To develop a commercially feasible production process for PPNs, it is essential to achieve tight control of particle size, composition, density, and surface properties, whilst avoiding losses to the pumping system. Conventionally this has been achieved through lengthy and expensive trial-and-error in the laboratory (our test chamber is shown in Figure 1). We sought to build a model of the plasma discharge that would allow us to understand the fundamental dynamics of the system and optimise the process by mapping the parameter space and assessing the effect of different inputs.
COMSOL Multiphysics and the Plasma Module are the best option available for simulating nonthermal plasmas. The graphical user interface is highly intuitive, making it accessible to users of various skill levels.
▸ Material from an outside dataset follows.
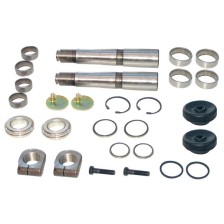 KIT PERNO FUSO (2 RUOTE) 190.48T/ST - LEMA 11 - PERNI FUSI / KING PIN SET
There is a large degree of control over the meshing, the in-built solvers can robustly handle difficult models, and a wide range of physics and boundary conditions accommodate many different system configurations. The COMSOL support team is very helpful and has provided invaluable assistance throughout our entire model development experience.
Our CCRF chamber features wide electrode spacing to accommodate large samples (Figure 2). A strong DC self-bias is observed to form on the powered electrode during operation, which would be difficult to model were it not conveniently included as a feature in the COMSOL Plasma Module. The availability of a time-periodic study offered a significantly faster solution method compared to a fully transient approach. The Plasma Module worked seamlessly with the public database LXCat for plasma reference data that is widely used in the field.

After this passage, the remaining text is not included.